*** Opening Data for this task ***

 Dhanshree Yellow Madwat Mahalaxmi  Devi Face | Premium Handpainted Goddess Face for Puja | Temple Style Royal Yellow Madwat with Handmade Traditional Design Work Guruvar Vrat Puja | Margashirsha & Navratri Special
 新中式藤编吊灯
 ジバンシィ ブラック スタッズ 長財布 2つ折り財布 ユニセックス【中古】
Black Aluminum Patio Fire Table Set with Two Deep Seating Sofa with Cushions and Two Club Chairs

*** Closing Data for this task ***
*** Opening Data for this task ***

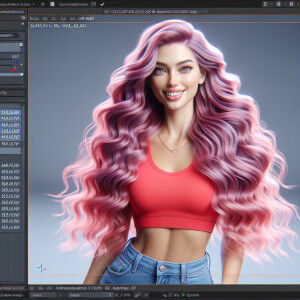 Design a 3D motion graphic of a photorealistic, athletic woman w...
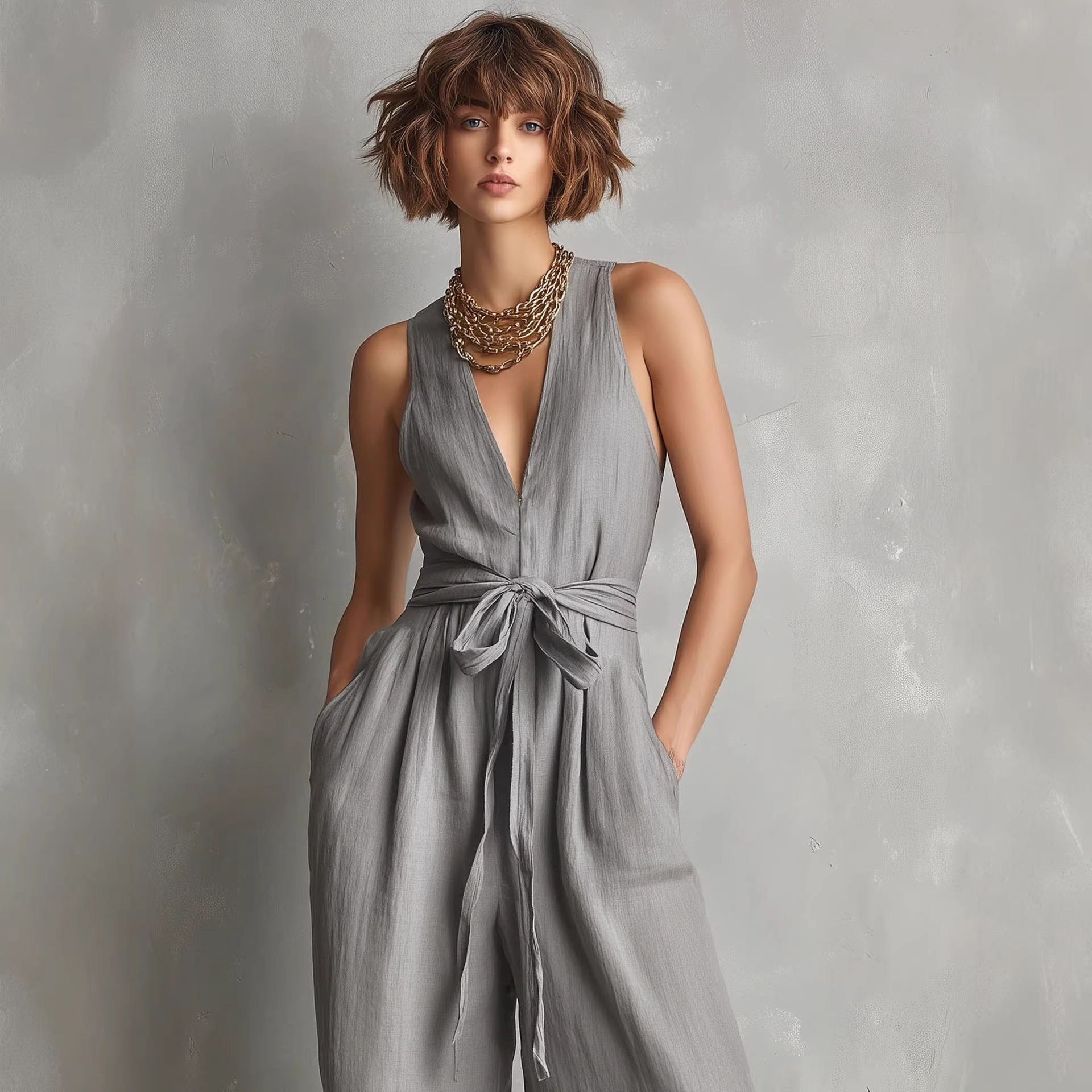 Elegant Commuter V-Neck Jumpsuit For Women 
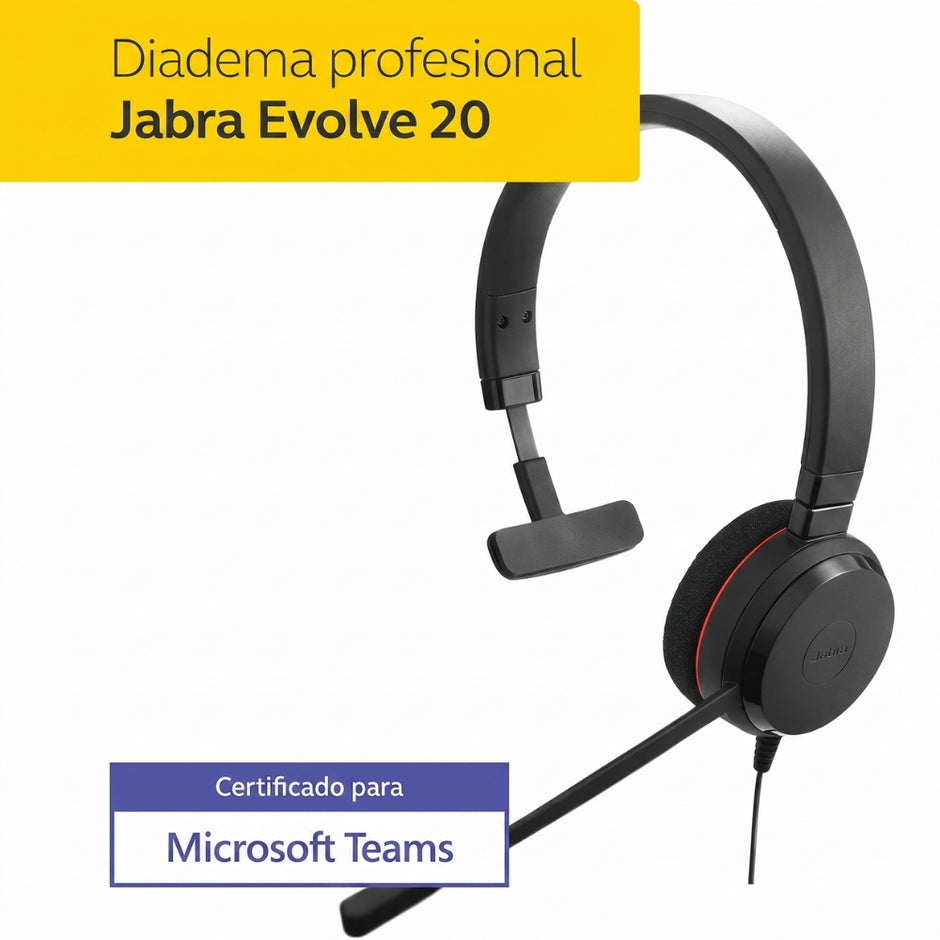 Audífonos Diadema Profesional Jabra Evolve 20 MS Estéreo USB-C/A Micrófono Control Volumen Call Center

*** Closing Data for this task ***
*** Opening Data for this task ***

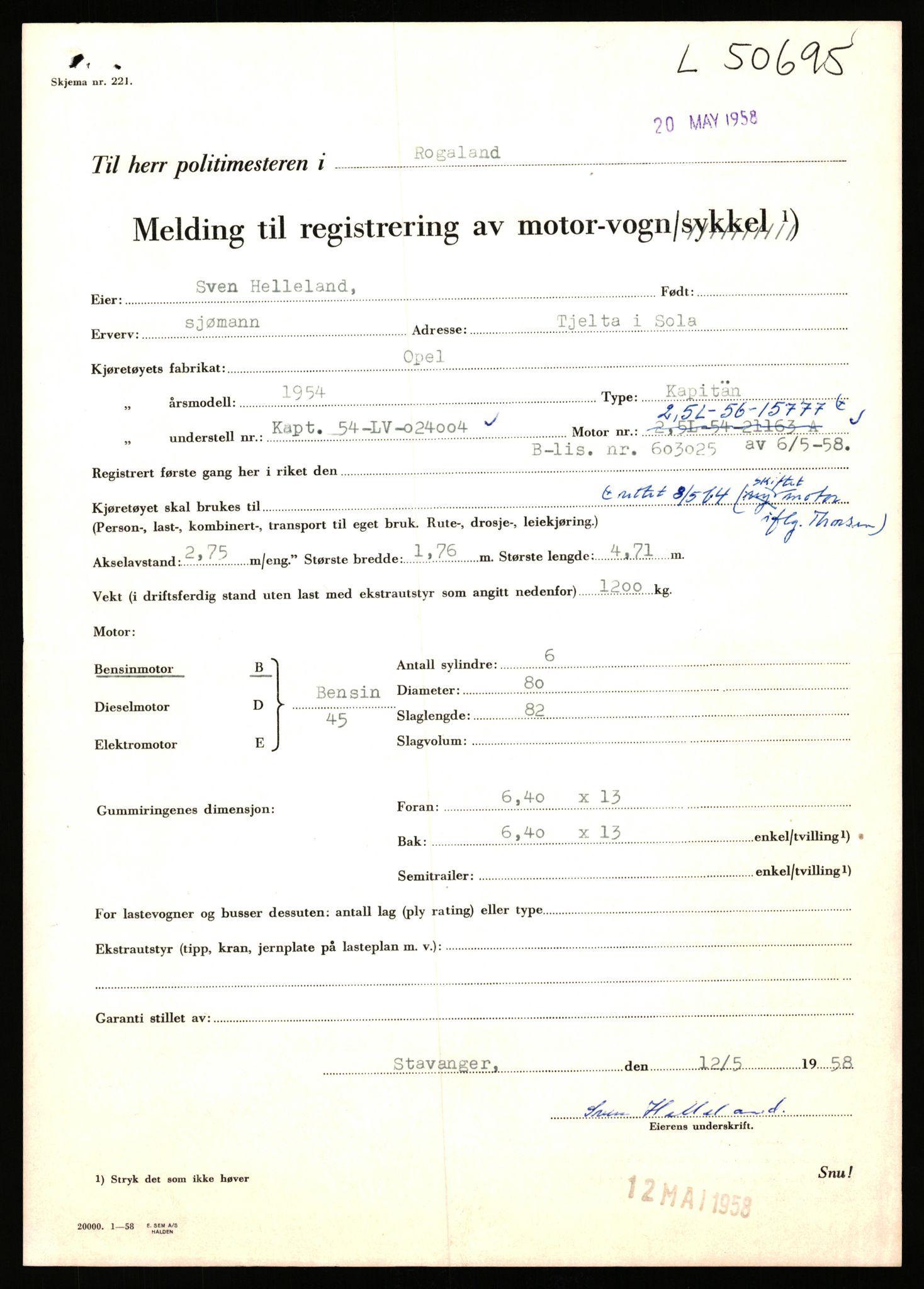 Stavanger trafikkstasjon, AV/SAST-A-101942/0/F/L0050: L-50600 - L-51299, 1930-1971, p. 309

*** Closing Data for this task ***

Task item = Could you repeat exactly the lines in the listing above from the one with "ジバンシィ ブラック スタッズ 長財布 2つ折り財布 ユニセックス【中古】" down to the one with "Black Aluminum Patio"? Include both of those lines.

Exercise output =
 ジバンシィ ブラック スタッズ 長財布 2つ折り財布 ユニセックス【中古】
Black Aluminum Patio Fire Table Set with Two Deep Seating Sofa with Cushions and Two Club Chairs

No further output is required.